In 2011, it was the focus of a case study published by Harvard Business School, which examined its offshoring strategy and organizational development. ReSource Pro has appeared on the Inc. 5000 ranking of privately held U.S. companies sixteen times and has expanded its operations through acquisitions and partnerships related to insurance technology and compliance.

== History ==
ReSource Pro was founded in 2003 by Matthew Bruno to provide business process outsourcing services to the insurance industry. The company established its initial operations in Qingdao, China, with a focus on delivering back-office support to U.S.-based insurance organizations. In 2006, Dan Epstein Tagger took on the role of Chief Executive Officer of ReSource Pro.
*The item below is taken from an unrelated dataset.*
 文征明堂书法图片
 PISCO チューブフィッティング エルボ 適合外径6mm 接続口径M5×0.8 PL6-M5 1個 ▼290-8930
In the years following its founding, ReSource Pro expanded its delivery operations to include centers in India and the Philippines, while maintaining offices in various locations in the United States. The company broadened its service offerings to include analytics, compliance support, and technology-enabled operations.

In 2011, Harvard Business School published a case study analyzing ReSource Pro's business model and cross-border operations, focusing on the integration of offshore teams within the U.S. insurance market.

ReSource Pro received investment from DFW Capital Partners in 2018, which supported the company's expansion through acquisitions. In 2021, the firm was acquired by Kelso & Company, a private equity firm. Between 2020 and 2025, ReSource Pro completed several acquisitions, including The Nolan Company, TowerIQ, Strategy Meets Action, Helix Agency Services, Lowry & Associates, and Propellint.

In April of 2026, ReSource Pro announced its AI Orchestration and Data Management Suite further broadening its service offerings to include AI-supported insurance operations, management of client data, and implementation of traceable, governed AI workflows. In June 2026, ReSource Pro co-announced the acquisition of the core team, intellectual property, and technology of Flow Specialty alongside the establishment of the company's dedicated unit for developing and delivering managed agentic services to clients.

=== Acquisitions ===
In 2020, it acquired Oceanus Partners and Strategy Meets Action, consulting firms specializing in insurance distribution strategies.

In 2021, it acquired The Nolan Company, a management consulting firm focused on insurance and healthcare.

In 2022, it acquired MIS, a managed technology services provider for carriers and MGAs, and TowerIQ, a technology platform that provides digital solutions for commercial insurance workflows.

In 2024 and 2025, ReSource Pro acquired Helix Agency Services, Lowry & Associates, and Propellint, further expanding its offerings in licensing, surplus lines compliance, and technology services.

In November 2025, ReSource Pro acquired Supportive Insurance Services (SIS), a firm based in Indiana that provides insurance licensing and renewal services. The acquisition expanded ReSource Pro's compliance and regulatory offerings in the insurance sector by integrating SIS's licensing and renewal expertise into its service portfolio.

In June 2026, ReSource Pro acquired the core team, intellectual property, and technology of Flow Specialty, an AI-focused wholesale insurance brokerage.

== Recognition and awards ==

- ReSource Pro has appeared on the Inc. 5000 list of fastest-growing private U.S. companies 16 times, including in 2025.
- In 2024, ReSource Pro was named an Inc. Power Partner and in was named an Inc. Regionals Northeast winner in 2021 and 2024.
- In 2025, ReSource Pro won the CSO Awards for Cybersecurity Leadership. In 2026, ReSource Pro won the CSO Award for Cybersecurity Awareness and Training.
- In 2019, ReSource Pro won 3 Stevie Awards for Customer Service based on the company's response efforts in the wake of Hurricane Harvey. In 2021, ReSource Pro won a Stevie Award for Back Office Customer Service Department of the Year.